:: What to do ::
Extract exactly and only the lines of the data below, starting at the line with "Passport cover Principe di Bologna d_thumb 1" and stopping after the final line.

:: Supplied information ::
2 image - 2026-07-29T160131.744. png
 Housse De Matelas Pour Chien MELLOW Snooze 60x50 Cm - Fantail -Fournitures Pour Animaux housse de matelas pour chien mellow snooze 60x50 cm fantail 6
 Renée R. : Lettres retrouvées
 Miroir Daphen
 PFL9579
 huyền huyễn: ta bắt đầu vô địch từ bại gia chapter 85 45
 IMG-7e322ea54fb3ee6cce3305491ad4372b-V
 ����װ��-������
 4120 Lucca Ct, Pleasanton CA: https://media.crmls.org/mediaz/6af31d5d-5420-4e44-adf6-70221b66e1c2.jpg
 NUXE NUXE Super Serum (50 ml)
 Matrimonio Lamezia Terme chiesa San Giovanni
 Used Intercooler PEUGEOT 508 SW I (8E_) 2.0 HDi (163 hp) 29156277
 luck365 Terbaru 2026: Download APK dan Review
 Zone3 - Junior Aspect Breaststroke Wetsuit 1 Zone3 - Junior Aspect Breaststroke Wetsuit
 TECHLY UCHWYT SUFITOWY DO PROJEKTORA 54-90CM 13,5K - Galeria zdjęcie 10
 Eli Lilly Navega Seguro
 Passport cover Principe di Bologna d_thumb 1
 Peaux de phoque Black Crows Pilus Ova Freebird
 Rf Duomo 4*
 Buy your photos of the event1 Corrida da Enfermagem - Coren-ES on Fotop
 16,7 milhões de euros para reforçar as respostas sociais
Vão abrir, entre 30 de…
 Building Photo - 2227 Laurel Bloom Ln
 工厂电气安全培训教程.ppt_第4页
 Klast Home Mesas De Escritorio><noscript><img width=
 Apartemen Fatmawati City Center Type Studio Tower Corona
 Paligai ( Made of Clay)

:: Problem solution ::
 Passport cover Principe di Bologna d_thumb 1
 Peaux de phoque Black Crows Pilus Ova Freebird
 Rf Duomo 4*
 Buy your photos of the event1 Corrida da Enfermagem - Coren-ES on Fotop
 16,7 milhões de euros para reforçar as respostas sociais
Vão abrir, entre 30 de…
 Building Photo - 2227 Laurel Bloom Ln
 工厂电气安全培训教程.ppt_第4页
 Klast Home Mesas De Escritorio><noscript><img width=
 Apartemen Fatmawati City Center Type Studio Tower Corona
 Paligai ( Made of Clay)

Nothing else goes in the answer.